2017-10-10

Hope Rises Again! OECD Raises GDP Growth Estimates

A bigger wave of hope has arrived.

World Finance: The OECD expects the global economy to maintain growth momentum in 2018
The latest figures for economic growth showed a 3.6 percent annual growth in the second quarter, marking the strongest pace in more than two years. The last time economies showed such robust performance was in the first quarter of 2015, The Wall Street Journal reported.

In the next six to nine months, the US, Japan, Canada and the majority of European countries are expected to maintain “stable growth momentum”, according to the OECD. Others, such as Italy, are forecast to grow faster.

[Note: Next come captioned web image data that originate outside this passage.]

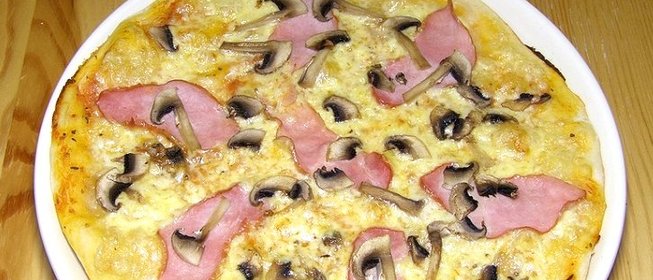 Пицца с ветчиной и шампиньонами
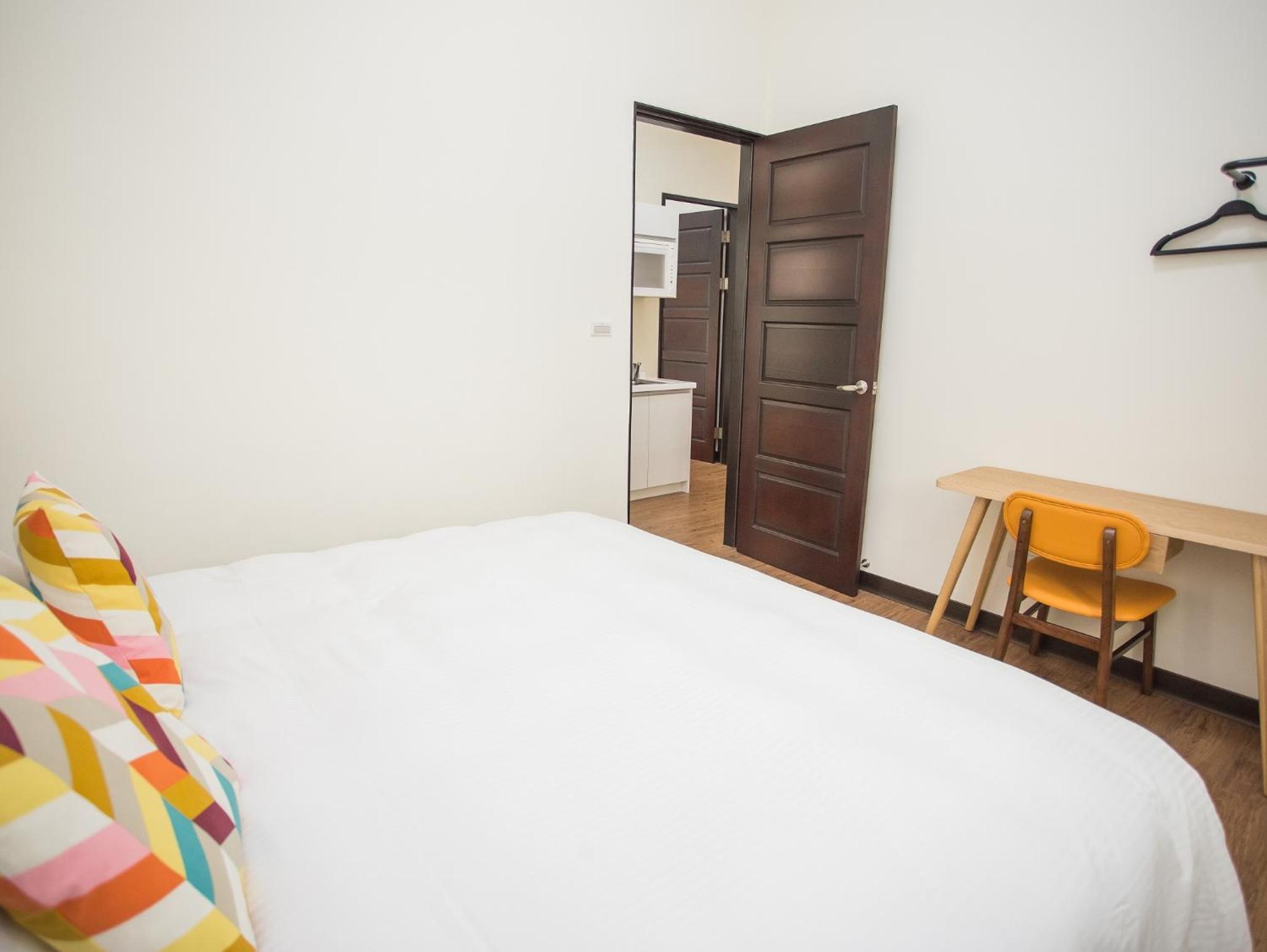 Three-Bedroom Suite - Photo 7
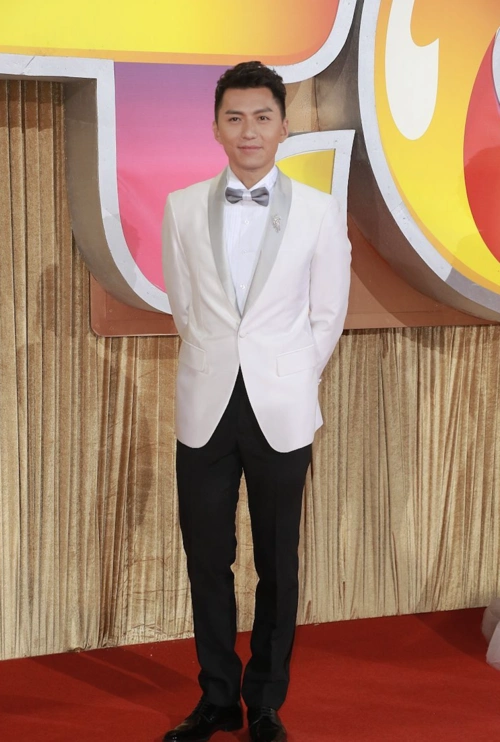 袁伟豪自认成功仍难自满,岳父卖房轻松赚千万,对比之下相形见绌__凤凰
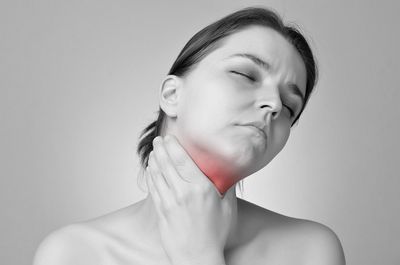 Кой в гърлото се дължи на цервикална остеохондроза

With regards to China, whose performance is a matter of concern worldwide, the report highlighted that the economy’s output will be boosted in the months ahead by strong performance in its industrial sector.
iFeng: OECD:全球主要经济体首次同步增长 或将摆脱经济阴霾
Every blip in copper reflects a moment of hope for the economy. We are in the middle of a much larger rebound today, one that offers new hope for the global economy. Underlying problems remain unsolved, however. The main issue remains credit growth, and there's no sign of a return to normal in the United States.
As I've said for much of the past 18 months, the rise in commodity prices such as copper is the best argument for a recovery. But until I see a good signal that growth is picking up, I'm sticking to a bearish view. The U.S. economy has grown far below potential for a decade now. A recovery will not be a blip, it will be a rip-roaring rally that sees wage growth climb 5+ percent, inflation rise above 3 percent and the Federal Reserve in panic mode. Under current conditions, President Trump's growth-via-negative strategy of removing illegal aliens, vastly reducing immigration and renegotiating trade is the fastest and surest way to restarting U.S. growth. Wage growth will spur inflation. That will spur investment as debt depreciates. Rising wages and inflation will accelerate capital investment in labor-saving productivity growth. It will be messy, but short of a "white swan" there is no clean exit. There is no restarting a global system that requires a further reduction in developed living standards.